Howard Kurtz forgets about Howard Kurtz

Howard Kurtz today:

Yet while the Letterman saga has unleashed a tsunami of coverage, serious allegations involving Sen. John Ensign have barely produced a trickle.

...

Was Ensign, whose parents just happened to give $96,000 to Cynthia Hampton and her family, trying to buy the couple's silence? Despite such troubling questions, the Ensign controversy barely exists on television -- although CNN's Dana Bash did manage to stake him out for a quick interview in which the senator said he'd violated no ethical rules and has no plans to resign.

The Ensign story is complicated and not very visual. Letterman is far more famous. So the comic is turned into media fodder and the officeholder largely stays under the radar.

Left unmentioned in Howard Kurtz's half-hearted attempt to explain why David Lettermen has gotten so much more media attention than John Ensign: Howard Kurtz's own obsession with the Letterman story. Marcy Wheeler documented that obsession last Tuesday, and it has continued to this day.

So, Kurtz himself has been obsessed with Letterman -- and has fanned the flames of the Letterman story as much as anyone. And now he purports to analyze why the media -- as if he isn't part of it -- has paid so much attention to Letterman, without ever once mentioning his own role or motivations.

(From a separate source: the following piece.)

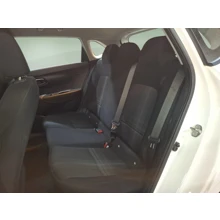 HYUNDAI-I20-1.4 MPI 6 İLERİ OTO AT JUMP (BENZİNLİ)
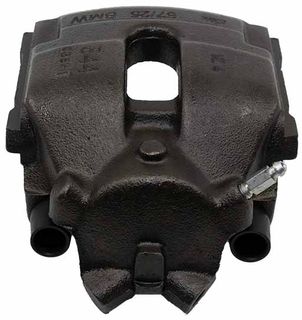 Caliper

Instead, he offers up the absolutely inane explanation that the Ensign story hasn't gotten more attention because it's too complicated. Really? We're supposed to believe the media can't figure out how to report that a Senator had an affair with one of his staffers -- who happened to be married to another of his staffers -- then tried to buy the couples' silence by giving them $96,000 from his parents and getting the husband a new job?

Seems like something they could figure out how to cover if they put their minds to it.